A Kanban System for Software Development
Prior to September 2007, my team was using traditional Scrum; a t-shirt sized and prioritised Product Backlog, two week Sprints begun with a two hour planning meeting and ended with a two hour review and retrospective meeting, and Sprint Burndown and Velocity as the primary metrics.
However, despite the team completing Product Backlog Items every sprint, and making regular releases, there was dissatisfaction within the team. The Product Owner felt that the development team was under-performing, and the development team felt that the Product Owner was not giving clear and consistent prioritisation and specification of what needed to be done. Despite numerous attempts to adapt the process to try and resolve the issues, including shorting the Sprint length from four weeks, and altering the level at which we did Product Backlog planning and specification, we were unable to improve sufficiently.
The primary issue was that during Sprint planning, the development team were unable to accurately identify and estimate appropriate tasks, usually because while the Product Owner knew what goals he wanted to achieve, the actual solution was often not yet fully understood. This would be highlighted by a poor Sprint Burndown signature, and the result was a trend to slip back into waterfall-style deliverables to functionally and technically specify work before development could begin. In addition there was a tendency for individuals to focus on completing planned tasks and lose sight of completing the larger feature they were part of. Ultimately, this prolonged the lead time to actually complete and release software.
In September 2007, the team agreed to a change in the process inspired by hearing about Kanban systems at the Agile 2007 conference. The goal of a Kanban system is to minimise inventory, or Work in Process, and maximise throughput of value in the system.
Rather than Sprints, with their Sprint Planning meetings, we have moved to a weekly cycle in which we simply refreshed a buffer, or queue, of the immediate priorities to work. The items in this queue are Minimal Marketable Features (MMFs) – the smallest things which can deliver value on their own. This is different from XP User Stories, which might demonstrate progress, but aren’t necessarily valuable in their own right. The queue was initially sized at seven MMFs, but we recently reduced it to five due the fact that we were prioritising items into it unnecessarily early.

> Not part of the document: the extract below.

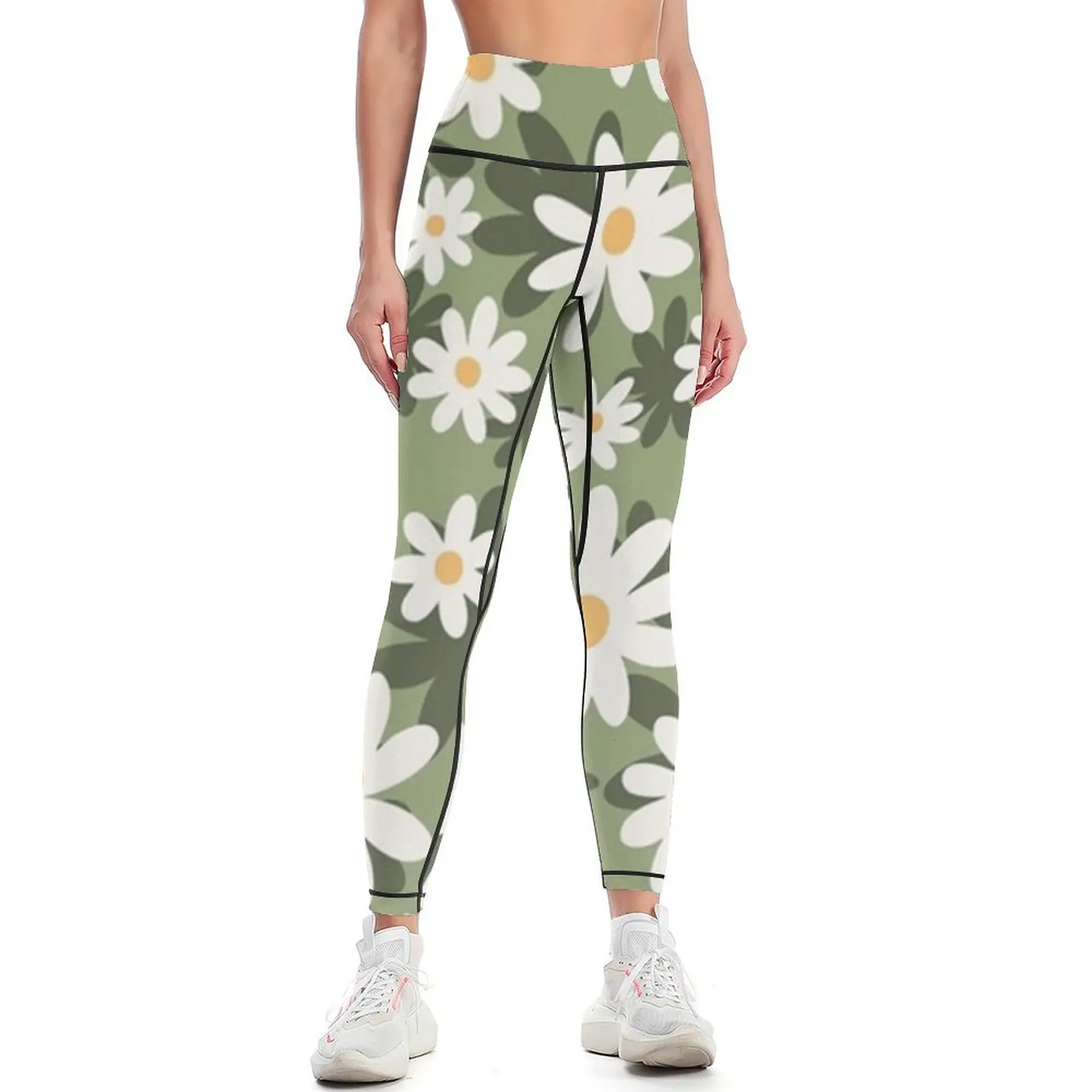 

Flower Market London Colorful Retro Daisies Leggings sports tennis for for physical sports for Womens Leggings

MMFs move from the Queue to WIP when the development team begin working on them. The focus is then on getting the MMF “Done” as quickly as possible, where “Done” means that value has been actually delivered and realised, which invariably means that code is deployed and running on the production servers. Currently we are not limiting WIP, which a traditional Kanban system would.

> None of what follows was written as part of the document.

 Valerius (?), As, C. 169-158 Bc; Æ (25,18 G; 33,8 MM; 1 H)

One of the concerns with pulling MMFs in this way, with little forward planning, was that there was little or no visibility of whether the team would, or could, meet any longer term strategic objectives. To address this, we have added a quarterly cycle, which allows us to set up to three high level Goals to guide the selection of MMFs. These Goals are then linked to a number of key MMFs which are t-shirt sized and provisionally forecast to be worked on in particular months. This probably strictly counts as creating inventory, but is done in a way which minimises investment as much as possible, while allowing some basic release planning. The identification of key MMFs also allows tracking of progress using Cumulative Flow Diagrams and a Parking Lot.
The team also continues to hold retrospectives every month in order to keep inspecting, learning and adapting, and also measures monthly Velocity. In addition, the cycle time of each MMF is measures, from the date it is prioritised into the queue until the date it is agreed to be Done. A mean cycle time can then be recorded every month.
Note that this is not to say that traditional Scrum itself is broken, but that Scrum had highlighted a problem quickly and visibly. One solution might have been to ask the team to spend more time planning to ‘groom’ the product backlog in advance of Sprint planning. However, this feels like suggesting that if the planning is failing, then the solution is to do more planning, which seems to be valuing process over people, counter to the values of the Agile Manifesto. Rather, Lean thinking, and Kanban Systems suggest doing less up-front planning, and valuing focussed teamwork over process in order to deliver value quickly.